Imagine trying to share your favorite toy with all of your siblings. Actually, try to imagine sharing that particularly popular toy with not only your brothers and sisters but their friends as well. Let's take it a bit further, shall we? Not only do your brothers, sisters and their friends want in on the toy action but the kids across the street and that weirdo Carl who is always eating paste wants to play too. A bit tight, isn't it?
Well, that was sort of the situation between HUB and The Playground. The two concepts share ownership, a good chunk of a block on Congress Street and, for quite some time, a single kitchen. The kitchen in question? Yeah, not the biggest on the block. Executive chef Ben Caballero only hints at the way his back of house staff had to maneuver in such cramped quarters.

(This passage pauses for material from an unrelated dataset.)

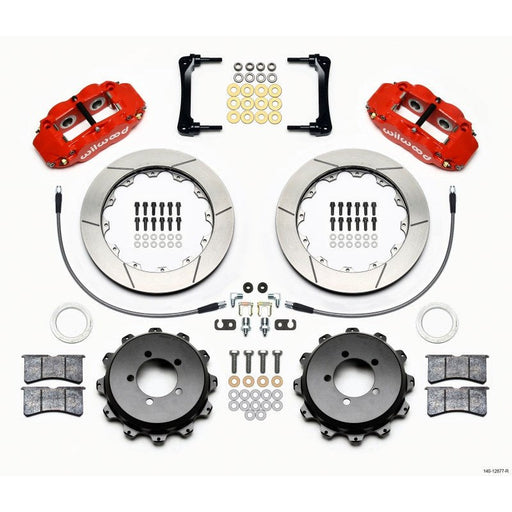 Wilwood Narrow Superlite 4R Rear Kit 12.88in Red 2008-2012 Subaru WRX w/Lines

"When HUB opened we really had no idea how busy we were going to be," Caballero says. "But then Playground started serving food and we would have to bust out as much prep as possible, as early as possible, before they would open up. Tiny kitchen, like a six burner stove. So I can't tell you how relived I was when the order came in to not only expand our kitchen but get Playground their own as well."
Shutting down a popular restaurant to install new equipment, such as a bigger stove, hoods, warmers and a full prep area, isn't as easy or as cheap as you would think. On top of the extraneous cost to get a confined kitchen up to par with the business it gets handed, the staff has to be kept happy and paid, even during a time when no money is coming in.
"Hiring and training a whole new staff is not how we work when we need to halt business for a while," says Sandy Ford, director of operations for HUB, Playground and the relatively new Martin Drug Company, a pop-up restaurant that has opened in the old Proper space in the Rialto Building. "Plus it is so much easier to open a restaurant with an experienced staff. When HUB is back in business it'll feature all of the familiar aspects and staff but with the new cooking and storage space we so desperately needed."
On Friday, Aug. 25, HUB reopened to much applause from those needing their ice cream and mac-n-cheese fix (even though the ice cream shop was still open across the street). After a brief respite and finding some much-needed elbow room, the kitchen staff headed by Caballero is able to deliver the well-known and well-loved comfort fare to their fans. Brunch was back in action on Saturday, Aug. 26, and all was right with the downtown dining scene.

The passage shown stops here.